Nuclear fusion takes a lot of input energy to get it going. It also takes a lot of energy to keep a fusion reaction going. But fusion reactions also give off a lot of energy.

The difficulties with efficient reactors are getting enough energy focused into one spot in the first place, and then getting enough of the output energy fed back into the reaction to sustain it (while providing new fuel, and extracting the excess energy in a useful way).

Stars are the standard nuclear fusion reactors. For them, gravity provides the input energy; the gravity of the Sun is enough to squish hydrogen together hard enough to get it to fuse. That is a lot of energy, though.

Jupiter has 300 times the mass of the Earth but isn’t massive enough to get nuclear fusion to start.
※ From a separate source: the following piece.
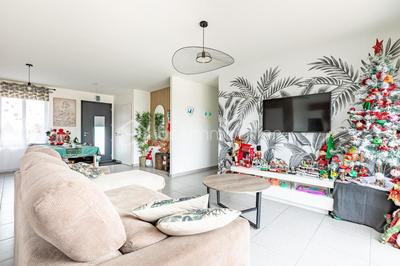 Pavillon - 87 m² - 5 pièces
Without gravity nuclear fusion usually involves focusing a lot of energy into a single spot. The US’s National Ignition Facility, for example, achieves nuclear fusion by [focusing a whole bunch of giant lasers](https://upload.wikimedia.org/wikipedia/commons/3/3d/NIF_building_layout.png) onto a single spot (the circle in the bottom right of that image). NIF ran from 2009 to 2012 but even with all those lasers wasn’t able to focus enough energy in a small enough spot to get nuclear fusion to start.
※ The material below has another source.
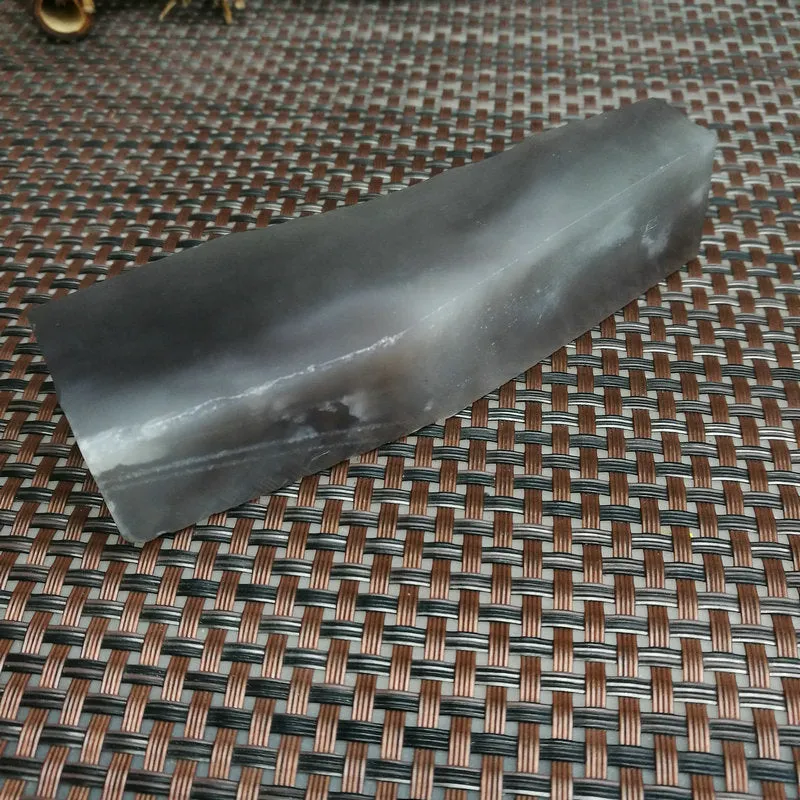 Natural Kunlun Jade Rough Nephrite Raw (189g, 11X2.9X2.4cm)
It was redesigned and started up again in 2021, and managed to achieve nuclear fusion.

It is really difficult to focus all that energy in one place to start the reaction. The reactor then has to achieve the same effect with the random energy the reaction throws out. It is much easier to focus energy you are in control of (from the lasers) than from the nuclear explosion you just created. Think of it as the difference between lighting a candle with a match and lighting it with a bomb. In theory it could work, but the bomb energy is much harder to control and focus.
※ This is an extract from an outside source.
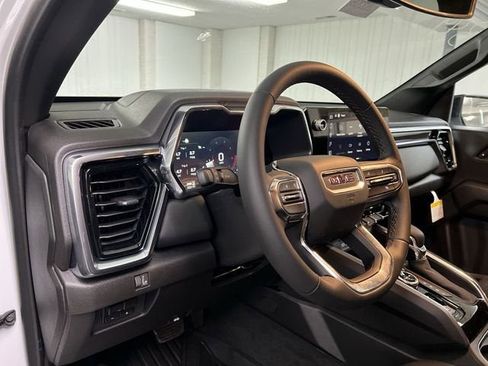 New 2026 GMC Canyon Elevation w/ Convenience Package image 10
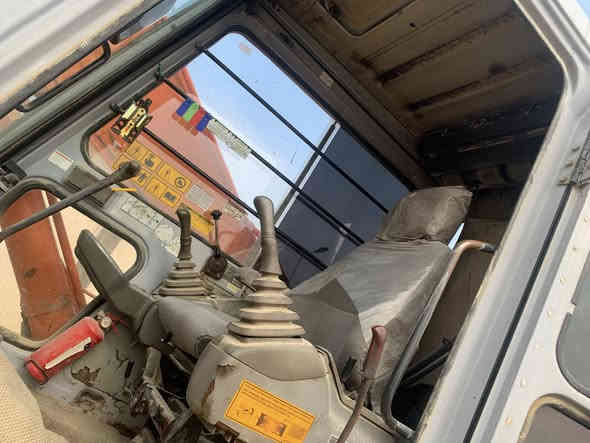 السلام عليكم حفارة تو للبيع حفارة نظيفة وشاديلها مظخه زت وحدادية نظيفة رقم ألماني للاتصال 
***********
It’s easy to do, provided you have a solar mass of hydrogen and the space to get it close enough to fuse without incinerating the stuff you want to power with it.

What do you mean by efficient?
Neutron efficiency? Thermal efficiency?

The worlds investment into nuclear fusion research is so relatively small that we can barely build a small test reactor every few decades. So research advances veeery slowly .

Even the sun would have a hard time trying to fuse atoms if it wasnt for some quantum tunneling effect. Trying to overcome the force of two pluscharged particles are quite hard.

Really Really simply put, to initiate a fusion reaction takes a huge amount of energy to smash the fusing atoms together enough to fuse them.

Enough energy, in fact, that we have a hard time creating that much energy outside of a fission detonation (a nuclear explosion).

The issue Really isn’t so much the difficulty of initiating the fusion, because we do it every time we detonate a thermonuclear bomb. It’s been done literally thousands of times.

The issue is controlling the reaction after you’ve initiated it by pumping in a nuclear bombs worth of energy, and having a container strong enough to contain it.

The Youtube channel Thunderf00t does a really good job of explaining it. YouTube search Thunderf00t fusion and watch.

Essentially to make hydrogen fuse into helium (and release the massive amount of energy that makes it worthwhile) you need to apply enormous heat and pressure.

You can apply a truly ridiculous amount of heat, and a bit of pressure.
Or you could apply a little heat and a whole lot of pressure.

The Sun actually works off the second one.
Its sheer mass is what induces fusion. The force of gravity squeezes the hydrogen so tight it actually merges into Helium. That and some heat to excite the atoms and make them a bit more amenable to merging, and you get a star.

The problem is that we don’t have a star-sized amount of mass to squeeze the atoms together.
So we have to work with what we’ve got.
Turns out if you heat it up more, you don’t need as much pressure.

Gravity is pretty much free, the sun fuses just by sitting there.
Pouring lasers and whatever other methods of heating we can get into a mass of hydrogen (or other fuseable gas) costs a lot of energy, as does containing and squeezing it all with magnetic fields so it doesn’t melt the reactor.

The challenge is basically to find a means of heating and squeezing the fuel that takes less energy than we release by merging the atoms together.